L’acte juridique qualifié de définitif est établi, fixé et réglé une fois pour toutes, irrémédiablement (et non irrévocablement); s’agissant par ailleurs d’un accord final, on comprend qu’étant le dernier il complète et achève l’accord préliminaire, celui qui est intervenu en premier lieu. Par conséquent, on ne peut qualifier un règlement conclu entre les parties de [final]; il faut dire définitif puisque les parties se sont mises d’accord sur les termes du règlement de manière à considérer qu’il ne sera plus nécessaire d’en discuter la teneur ni les modalités ou les conditions, sauf à y apporter plus tard, si besoin est, les modifications jugées nécessaires.
- Un jugement est dit définitif (on parle du caractère définitif d’un jugement) quand il a pour effet de terminer la contestation, quand il la tranche de telle sorte que le juge étant dessaisi de ce fait n’aura plus à revenir sur le point qu’il a réglé et qui portait sur l’objet même de la demande. « Par le prononcé du jugement définitif, le tribunal se trouve dessaisi et sa juridiction est épuisée. » En ce sens, le jugement définitif est encore appelé jugement sur le fond (il statue sur le fond du litige). Au Canada, on l’appelle aussi jugement au mérite (la demande présentée étant jugée au mérite, c’est-à-dire au fond ou sur son bien-fondé).
Que le juge ait statué sur le fond du droit ou sur un incident 2 de procédure, qu’il ait décidé une question de compétence, il reste que le jugement est définitif parce qu’il met fin à l’instance. Revêtu de ce caractère, on dit qu’il a l’autorité de la chose jugée; il acquiert force de chose jugée quand il est insusceptible d’appel ou d’opposition. Par exemple, le jugement contentieux est investi d’un caractère définitif et de l’autorité de la chose jugée entre les parties. Il est irrévocable quand il ne peut plus être attaqué, toutes les voies extraordinaires de recours ayant été épuisées ou leurs délais impartis ayant expiré. Ainsi, ce n’est pas nécessairement parce qu’un jugement est dit définitif qu’on se trouve fondé à le qualifier d’irrévocable.

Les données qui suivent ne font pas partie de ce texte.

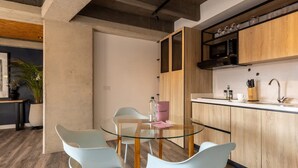 A modern kitchen with wooden cabinets, a stainless steel sink, and a glass dining table with chairs. - Classy 1 BR in Chapinero (Bogotá)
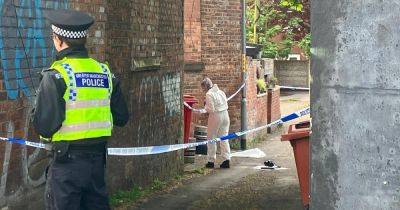 LIVE updates as police cordon off alleyway with girl, 16, in critical condition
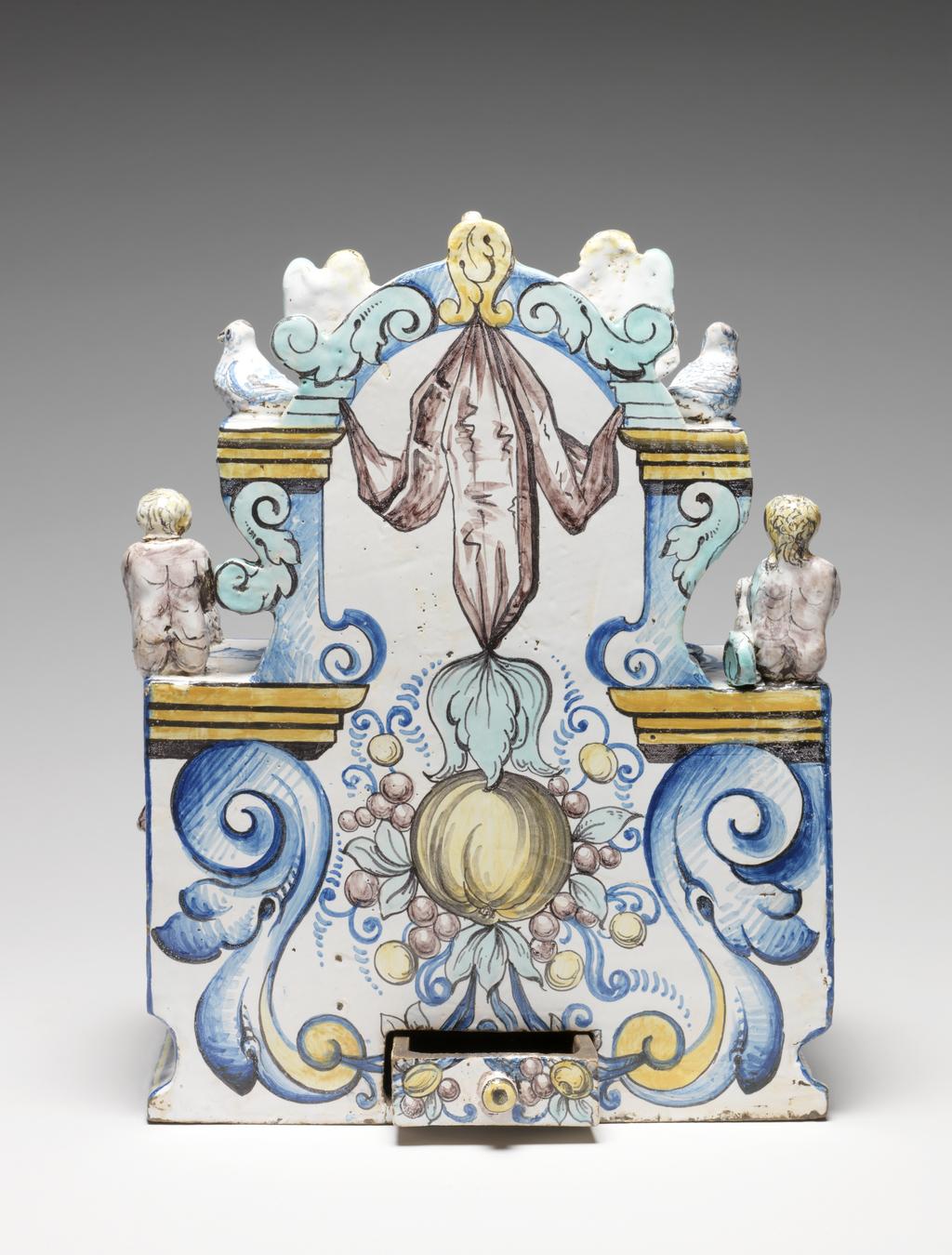 An image of Ink stand in the form of a fountain. Production Place: Switzerland. Tin-glazed earthenware.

- On oppose au jugement définitif (et non [final]) le jugement préparatoire qui ordonne une mesure d’instruction sans préjuger le fond et qui est susceptible d’être rétracté ainsi que le jugement provisoire par lequel une mesure pendante ou d’attente est prise au cours de l’instance et qui ne dure qu’autant que n’ont pas changé les circonstances l’ayant motivé. On eût dit final, si le jugement dont s’agit fût le dernier d’une série de jugements découlant d’une même affaire, ce qui n’est pas le cas ici.
Le jugement rendu en cours d’instance est qualifié d’interlocutoire pour cette raison, le préfixe inter marquant l’idée de ce qui survient entre le début et la fin de l’instance.
- Au Canada, le jugement définitif est parfois appelé jugement final quand il convient de mettre en évidence le fait qu’il marque la fin de l’instance et qu’il est le dernier à être rendu par rapport au jugement de première instance. Dans l’exemple qui suit tiré de la Loi sur la Cour suprême du Canada, les adjectifs final et définitif sont correctement employés et illustrent on ne peut mieux la distinction qu’il convient d’établir entre eux. Toutefois, la disposition comporte une tautologie. « La Cour suprême possède, détient et exerce, à titre exclusif, la juridiction finale d’appel en matière civile et criminelle à l’intérieur du Canada et pour le Canada, et le jugement de la Cour est, dans tous les cas, définitif et péremptoire. »
En dépit du style douteux causé par le souci de l’équivalence parfaite avec la version anglaise de la disposition, le texte use correctement de l’adjectif finale, puisque la Cour suprême est la dernière juridiction après la Cour d’appel, et l’adjectif définitif, puisque l’arrêt de la Cour est insusceptible d’appel.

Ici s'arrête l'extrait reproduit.